Well, we have time-honored ways of doing that—Bible study is one way,
familiarizing ourselves with the only record we have of Jesus’ voice, of Jesus’
teachings . . . worship is another, as we worship our Lord and Savior we are
energized and readied to go out into our communities and our city and our
nation, we are equipped to meet the third source of Jesus’ voice: the least of
these, our neighbors and friends and, even, those whom we consider to be
enemies.
And it’s something of a paradox, isn’t
it? We listen to the Shepherd’s voice
through scripture and preaching and worship, and we try to avoid listening to
the bandits and thieves, who come not through the gate, but over the walls via
the internet and self-improvement seminars and pop-psychologies, and yet one of
the prime ways we hear the shepherd’s voice is through others outside of the
fold . . . but did he not tell us that he is in us all? Don’t Benedictine monks spend much time and
energy discerning Christ’s voice in the world?
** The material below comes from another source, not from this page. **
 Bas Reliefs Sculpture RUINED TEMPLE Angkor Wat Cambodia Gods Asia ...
Paradox or not, we see and hear his voice every day, in the people we
meet and the sights we see. We only have
to learn to distinguish the shepherd’s voice from all the background
babble.
And that’s where the other two pieces
of the puzzle fit, the other two legs in the discernment stool—because that’s
what we’re practicing when we learn to hear the shepherd’s voice. Within the community of believers, within the
flock we study scripture and engage in corporate worship, then we go out of the
doors to encounter Christ’s voice in the world.
Each leg of the stool reinforces the work of the other . . . what we
learn in Scripture helps us to worship rightly and meaningfully, and helps us
to understand and seek Christ’s voice in the world. In worship, we are sustained and fed for our
journey back into the Bible and out in the world. And finally, as we listen for Christ’s voice
in the world, as we seek those places and those people through which Christ
speaks, it directs our study and worship in increasingly meaningful ways. In science, we call it a feed-back loop.
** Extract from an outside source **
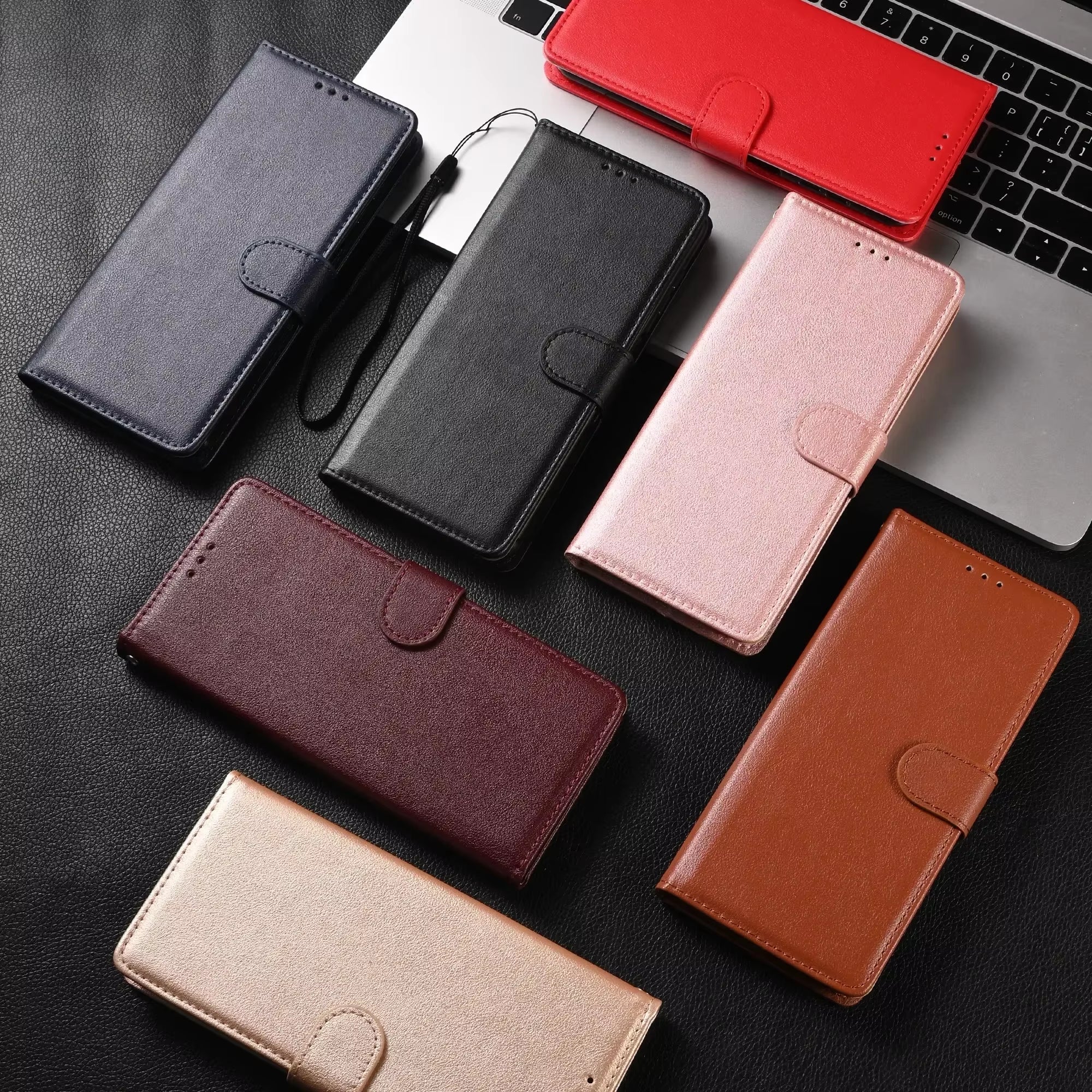 Premium Leather Wallet Case for Xiaomi Redmi Note Series: Compatible with Models 13, 12, 12S, 11, 11S, 10, S, 9, 9S, 8, 7 Pro Max, 8T, and Redmi 10, 10A, 10C, 9A, 9C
In strophes from his poem Spanish
Trilogy (III), Rainer Maria Rilke describes a shepherd he experienced in
his travels in Spain:
With slow and steady strides, his
posture is pensive
and, as he stands there, noble. Even
now a god might
secretly slip into this form and not
be diminished.
Rilke, who was a Christian, clearly is
speaking of incarnation, and it is apt: our God slips into the form of a
shepherd, and like a shepherd, he leads us into the fold, into God’s loving
arms, into the arms of our Christian community for rest and study and rejoicing
and praise, then out to pasture in the world.
And as we do, as we enter through Christ the sheep-gate and are led by
Christ the Shepherd, we experience ever more sacred and abundant life. Amen.